The Hobbit – J.R.R. Tolkien. Another marvelous novel that resides, somewhat, in the shadow of Tolkien’s opus, the Lord of the Rings Trilogy. I was assigned The Hobbit as my first book to read for freshman English 101 at Auburn. It was a game-changer which then led, of course, to my reading of the trilogy. Alabama. Hint, their coach.

Brother to a Dragonfly – Will D. Campbell. Campbell is my hero, and his life and work had as much, or possibly more, influence on my life than anyone else. This is his masterpiece. We old renegade Baptist preachers have to stick together. Georgia Tech.

The Electric Kool-Aid Acid Test – Tom Wolfe. From The New York Times’ Eliot Fremont-Smith, “The Electric Kool-Aid Acid Test is not simply the best book on the hippies, it is the essential book… the pushing, ballooning heart of the matter… Vibrating dazzle.” We old hippies have to stick together. Sorry that I have to step out of the SEC, but this one just for the University of California at Berkeley.

On The Road – Jack Kerouac. Not stepping far from the previous Tom Wolfe recommendation. Another essential American novel. Brilliant, lucid, disturbed, wild, cavorting, mesmerizing. We old road warriors have to stick together. Mississippi State.

Ball Four – Jim Bouton.
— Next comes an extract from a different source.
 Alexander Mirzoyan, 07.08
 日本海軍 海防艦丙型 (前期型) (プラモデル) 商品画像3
Groundbreaking, rule-breaking, eye-opening, code-of-honor shattering book about life inside the New York Yankees organization back in the 60’s. Bouton pitched for the Bronx Bombers back then. Sparky Lyle’s, The Bronx Zoo, would follow in that tradition. Fordham University.
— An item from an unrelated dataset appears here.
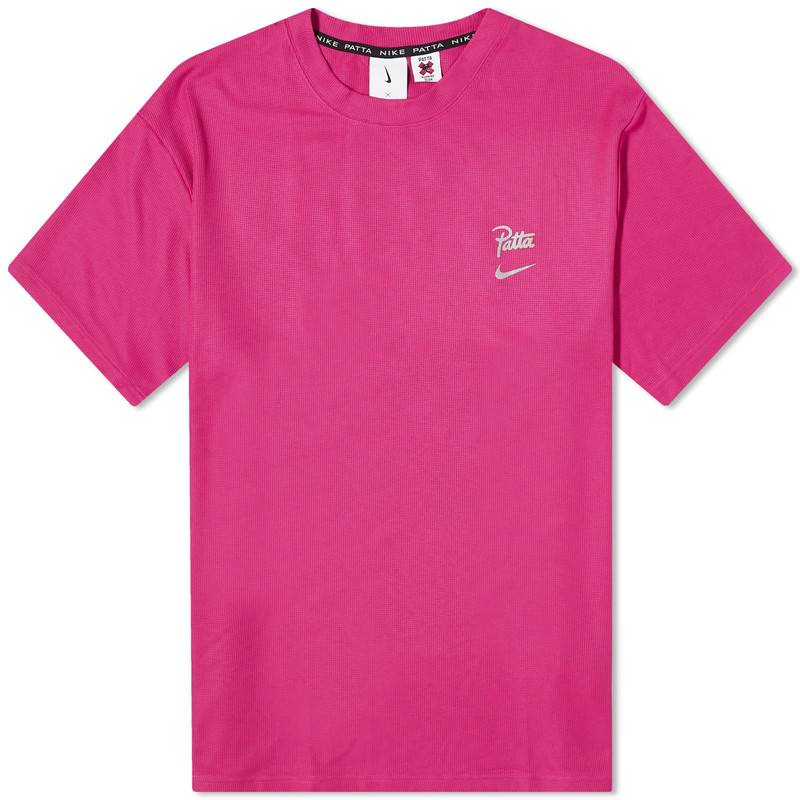 Nike x Patta Short Sleeve Shirt - 1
Mockingbird’s Song, Hettie Keller’s 10 Maxims For Peace And Happiness – Arnold Heflin. Arnold is a friend of mine and an Auburn graduate. He wrote this book, a platonic love story, based on a true story, his story. It will make you laugh and it will make you cry and it might just change your life. It should be made into a movie. Beautiful. Auburn.
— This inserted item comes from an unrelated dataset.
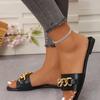 Women's Slippers Slippers High Heels and Elegant Women's Shoes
They Came To Nashville – Marshall Chapman. Another friend of mine. Required reading if you’re a fan of country music. Marshall interviewed Kris Kristofferson, Emmylou Harris, Rodney Crowell, and Willie Nelson, along with eleven other Nashville singer-songwriters, and she shares their stories in this book that you will not be able to put down. Vanderbilt. Duh!

Skinny-dipping, Wildcat Wine, Bone Valley, and Sweetheart Deal – Claire Matturo. Claire and I studied journalism together at Troy State University, now known as Troy University. We also lived in the same trailer park for a brief period, and a good time was had by all. I am not a huge fan of fiction but this series, featuring protagonist/lawyer Lilly Belle Rose Cleary, is great fun. Smart, sharp-witted and sometimes spine-tingling crime fiction with great characters. Anybody see Kentucky in there?

A Confederacy of Dunces – John Kennedy Toole. “A corker, an epic comedy, a rumbling, roaring, avalanche of a book.” The Washington Post. “A masterwork… the novel astonishes with its inventiveness… it is nothing less than grand comic fugue.” The New York Times Book Review. Ole Miss.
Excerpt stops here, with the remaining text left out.